§ **Exercise brief**: All lines between the start of the listing below and the line containing "ノーショウソックス3P ユニセックス フィットネス", inclusive, must be repeated exactly.

....

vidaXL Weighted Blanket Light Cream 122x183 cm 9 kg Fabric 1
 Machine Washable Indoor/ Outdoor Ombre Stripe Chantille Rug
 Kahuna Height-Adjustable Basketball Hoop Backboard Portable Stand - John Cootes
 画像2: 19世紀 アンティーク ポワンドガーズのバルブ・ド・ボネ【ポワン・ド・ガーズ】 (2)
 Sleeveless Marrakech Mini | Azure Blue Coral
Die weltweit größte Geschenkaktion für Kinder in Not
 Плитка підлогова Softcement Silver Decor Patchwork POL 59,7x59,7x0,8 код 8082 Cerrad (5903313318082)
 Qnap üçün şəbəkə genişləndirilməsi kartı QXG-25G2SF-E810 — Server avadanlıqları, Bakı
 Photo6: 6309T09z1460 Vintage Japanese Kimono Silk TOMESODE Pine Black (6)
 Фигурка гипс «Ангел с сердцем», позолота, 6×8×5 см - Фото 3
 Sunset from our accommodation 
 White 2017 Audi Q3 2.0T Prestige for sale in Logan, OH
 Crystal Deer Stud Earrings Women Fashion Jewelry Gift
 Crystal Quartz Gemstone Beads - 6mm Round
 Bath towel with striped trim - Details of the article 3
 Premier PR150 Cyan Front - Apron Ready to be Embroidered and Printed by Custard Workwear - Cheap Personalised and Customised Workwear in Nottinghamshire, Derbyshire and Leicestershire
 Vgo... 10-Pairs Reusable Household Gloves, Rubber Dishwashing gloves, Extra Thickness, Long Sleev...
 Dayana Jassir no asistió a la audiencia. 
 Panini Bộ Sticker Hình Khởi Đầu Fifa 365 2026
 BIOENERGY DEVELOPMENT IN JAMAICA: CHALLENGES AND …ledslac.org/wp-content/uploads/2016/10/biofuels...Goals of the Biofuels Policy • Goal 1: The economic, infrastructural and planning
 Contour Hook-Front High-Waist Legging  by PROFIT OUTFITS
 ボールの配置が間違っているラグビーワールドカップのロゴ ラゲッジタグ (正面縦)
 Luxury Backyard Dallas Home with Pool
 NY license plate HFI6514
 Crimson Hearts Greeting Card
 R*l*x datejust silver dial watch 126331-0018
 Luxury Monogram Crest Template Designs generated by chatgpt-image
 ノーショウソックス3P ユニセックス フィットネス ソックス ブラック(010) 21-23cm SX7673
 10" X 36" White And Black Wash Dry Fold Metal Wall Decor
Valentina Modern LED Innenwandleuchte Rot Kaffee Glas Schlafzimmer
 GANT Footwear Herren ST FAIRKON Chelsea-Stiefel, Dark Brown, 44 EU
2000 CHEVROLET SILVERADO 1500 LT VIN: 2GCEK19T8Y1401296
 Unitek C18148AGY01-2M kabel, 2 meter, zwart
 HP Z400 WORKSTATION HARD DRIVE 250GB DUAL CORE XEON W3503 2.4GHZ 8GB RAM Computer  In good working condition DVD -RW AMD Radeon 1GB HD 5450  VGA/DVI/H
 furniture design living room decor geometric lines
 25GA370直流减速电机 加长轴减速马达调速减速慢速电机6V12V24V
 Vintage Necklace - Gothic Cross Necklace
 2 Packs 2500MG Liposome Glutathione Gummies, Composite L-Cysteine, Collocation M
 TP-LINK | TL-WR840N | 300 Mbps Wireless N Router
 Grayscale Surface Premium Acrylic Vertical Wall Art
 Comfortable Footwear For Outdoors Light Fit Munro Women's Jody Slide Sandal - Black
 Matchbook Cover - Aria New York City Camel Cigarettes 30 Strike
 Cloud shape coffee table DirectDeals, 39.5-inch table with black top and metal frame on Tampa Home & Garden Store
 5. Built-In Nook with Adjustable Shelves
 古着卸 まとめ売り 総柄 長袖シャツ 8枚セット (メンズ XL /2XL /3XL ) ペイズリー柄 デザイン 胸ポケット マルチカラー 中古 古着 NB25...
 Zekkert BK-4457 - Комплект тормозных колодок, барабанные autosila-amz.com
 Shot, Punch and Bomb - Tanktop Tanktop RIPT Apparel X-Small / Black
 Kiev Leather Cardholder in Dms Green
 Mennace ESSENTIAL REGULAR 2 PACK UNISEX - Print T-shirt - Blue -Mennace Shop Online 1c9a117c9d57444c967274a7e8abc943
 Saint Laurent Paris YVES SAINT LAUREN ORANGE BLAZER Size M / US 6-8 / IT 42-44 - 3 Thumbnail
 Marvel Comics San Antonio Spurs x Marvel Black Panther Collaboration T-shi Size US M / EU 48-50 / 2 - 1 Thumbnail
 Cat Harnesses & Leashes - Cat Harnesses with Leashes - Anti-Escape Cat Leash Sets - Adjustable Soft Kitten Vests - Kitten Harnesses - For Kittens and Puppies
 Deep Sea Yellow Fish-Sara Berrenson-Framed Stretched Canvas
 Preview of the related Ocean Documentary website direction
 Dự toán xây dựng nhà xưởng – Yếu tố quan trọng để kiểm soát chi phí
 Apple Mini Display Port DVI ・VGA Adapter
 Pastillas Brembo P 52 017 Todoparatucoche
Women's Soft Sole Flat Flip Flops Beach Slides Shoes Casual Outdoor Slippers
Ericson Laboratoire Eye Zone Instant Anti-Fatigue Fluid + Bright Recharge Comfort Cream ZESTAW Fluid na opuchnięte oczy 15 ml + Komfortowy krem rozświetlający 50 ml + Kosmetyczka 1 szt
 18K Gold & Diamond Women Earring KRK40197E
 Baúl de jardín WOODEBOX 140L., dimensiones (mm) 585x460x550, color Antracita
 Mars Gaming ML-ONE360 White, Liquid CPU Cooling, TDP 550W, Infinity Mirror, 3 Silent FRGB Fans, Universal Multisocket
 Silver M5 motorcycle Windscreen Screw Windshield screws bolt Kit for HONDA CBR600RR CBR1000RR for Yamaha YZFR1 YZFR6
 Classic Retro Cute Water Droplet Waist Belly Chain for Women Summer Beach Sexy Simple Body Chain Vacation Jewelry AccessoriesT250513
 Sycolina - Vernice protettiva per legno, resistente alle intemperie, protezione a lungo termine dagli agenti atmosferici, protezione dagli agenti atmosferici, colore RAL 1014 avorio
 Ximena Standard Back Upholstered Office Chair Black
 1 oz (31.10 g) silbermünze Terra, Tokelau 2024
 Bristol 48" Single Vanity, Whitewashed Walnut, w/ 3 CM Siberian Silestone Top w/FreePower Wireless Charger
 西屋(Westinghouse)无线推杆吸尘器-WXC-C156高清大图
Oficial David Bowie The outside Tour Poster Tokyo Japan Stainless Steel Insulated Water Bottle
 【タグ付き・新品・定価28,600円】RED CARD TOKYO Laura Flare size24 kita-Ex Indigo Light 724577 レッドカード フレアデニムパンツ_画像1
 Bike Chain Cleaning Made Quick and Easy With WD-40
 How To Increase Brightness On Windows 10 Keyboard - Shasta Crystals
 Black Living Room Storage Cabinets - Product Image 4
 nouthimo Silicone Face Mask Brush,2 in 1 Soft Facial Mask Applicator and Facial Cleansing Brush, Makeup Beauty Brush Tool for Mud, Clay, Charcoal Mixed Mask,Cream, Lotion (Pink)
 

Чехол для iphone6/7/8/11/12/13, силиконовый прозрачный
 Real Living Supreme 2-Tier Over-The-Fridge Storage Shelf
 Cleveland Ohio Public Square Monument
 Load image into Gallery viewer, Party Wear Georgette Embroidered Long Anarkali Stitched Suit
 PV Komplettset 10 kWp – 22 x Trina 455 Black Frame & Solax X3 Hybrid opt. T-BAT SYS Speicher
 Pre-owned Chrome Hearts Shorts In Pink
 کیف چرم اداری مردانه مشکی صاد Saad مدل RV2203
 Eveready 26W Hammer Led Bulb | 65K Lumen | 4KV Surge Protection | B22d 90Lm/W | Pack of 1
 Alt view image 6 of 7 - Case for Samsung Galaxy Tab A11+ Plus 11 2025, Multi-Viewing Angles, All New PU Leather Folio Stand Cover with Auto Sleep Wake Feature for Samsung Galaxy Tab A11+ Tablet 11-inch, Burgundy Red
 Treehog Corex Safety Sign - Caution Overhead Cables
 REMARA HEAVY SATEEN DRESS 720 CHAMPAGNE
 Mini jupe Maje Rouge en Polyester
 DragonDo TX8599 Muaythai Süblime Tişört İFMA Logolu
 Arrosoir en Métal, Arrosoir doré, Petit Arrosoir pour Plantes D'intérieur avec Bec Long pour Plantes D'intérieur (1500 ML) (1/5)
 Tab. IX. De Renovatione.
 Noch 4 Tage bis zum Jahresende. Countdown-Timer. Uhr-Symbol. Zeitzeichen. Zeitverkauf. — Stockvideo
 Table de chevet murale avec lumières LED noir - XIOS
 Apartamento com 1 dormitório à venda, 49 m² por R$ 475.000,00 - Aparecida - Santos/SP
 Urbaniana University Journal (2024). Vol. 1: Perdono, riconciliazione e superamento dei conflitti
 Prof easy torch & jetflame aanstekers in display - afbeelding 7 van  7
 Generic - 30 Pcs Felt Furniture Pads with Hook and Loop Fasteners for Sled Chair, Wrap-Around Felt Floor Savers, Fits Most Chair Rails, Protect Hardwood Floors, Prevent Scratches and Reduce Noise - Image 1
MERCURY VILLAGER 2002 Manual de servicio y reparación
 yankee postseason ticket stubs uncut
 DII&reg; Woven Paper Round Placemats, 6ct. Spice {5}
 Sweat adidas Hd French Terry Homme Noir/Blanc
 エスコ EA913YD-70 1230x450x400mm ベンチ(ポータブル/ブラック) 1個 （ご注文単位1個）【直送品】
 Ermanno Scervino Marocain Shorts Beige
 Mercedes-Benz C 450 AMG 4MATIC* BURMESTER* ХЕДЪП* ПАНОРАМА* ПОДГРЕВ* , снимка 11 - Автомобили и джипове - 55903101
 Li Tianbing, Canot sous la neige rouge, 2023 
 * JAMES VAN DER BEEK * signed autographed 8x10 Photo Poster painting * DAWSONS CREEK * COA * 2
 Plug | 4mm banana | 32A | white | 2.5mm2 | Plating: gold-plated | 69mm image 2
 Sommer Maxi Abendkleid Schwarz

....

§ **Response box**:
vidaXL Weighted Blanket Light Cream 122x183 cm 9 kg Fabric 1
 Machine Washable Indoor/ Outdoor Ombre Stripe Chantille Rug
 Kahuna Height-Adjustable Basketball Hoop Backboard Portable Stand - John Cootes
 画像2: 19世紀 アンティーク ポワンドガーズのバルブ・ド・ボネ【ポワン・ド・ガーズ】 (2)
 Sleeveless Marrakech Mini | Azure Blue Coral
Die weltweit größte Geschenkaktion für Kinder in Not
 Плитка підлогова Softcement Silver Decor Patchwork POL 59,7x59,7x0,8 код 8082 Cerrad (5903313318082)
 Qnap üçün şəbəkə genişləndirilməsi kartı QXG-25G2SF-E810 — Server avadanlıqları, Bakı
 Photo6: 6309T09z1460 Vintage Japanese Kimono Silk TOMESODE Pine Black (6)
 Фигурка гипс «Ангел с сердцем», позолота, 6×8×5 см - Фото 3
 Sunset from our accommodation 
 White 2017 Audi Q3 2.0T Prestige for sale in Logan, OH
 Crystal Deer Stud Earrings Women Fashion Jewelry Gift
 Crystal Quartz Gemstone Beads - 6mm Round
 Bath towel with striped trim - Details of the article 3
 Premier PR150 Cyan Front - Apron Ready to be Embroidered and Printed by Custard Workwear - Cheap Personalised and Customised Workwear in Nottinghamshire, Derbyshire and Leicestershire
 Vgo... 10-Pairs Reusable Household Gloves, Rubber Dishwashing gloves, Extra Thickness, Long Sleev...
 Dayana Jassir no asistió a la audiencia. 
 Panini Bộ Sticker Hình Khởi Đầu Fifa 365 2026
 BIOENERGY DEVELOPMENT IN JAMAICA: CHALLENGES AND …ledslac.org/wp-content/uploads/2016/10/biofuels...Goals of the Biofuels Policy • Goal 1: The economic, infrastructural and planning
 Contour Hook-Front High-Waist Legging  by PROFIT OUTFITS
 ボールの配置が間違っているラグビーワールドカップのロゴ ラゲッジタグ (正面縦)
 Luxury Backyard Dallas Home with Pool
 NY license plate HFI6514
 Crimson Hearts Greeting Card
 R*l*x datejust silver dial watch 126331-0018
 Luxury Monogram Crest Template Designs generated by chatgpt-image
 ノーショウソックス3P ユニセックス フィットネス ソックス ブラック(010) 21-23cm SX7673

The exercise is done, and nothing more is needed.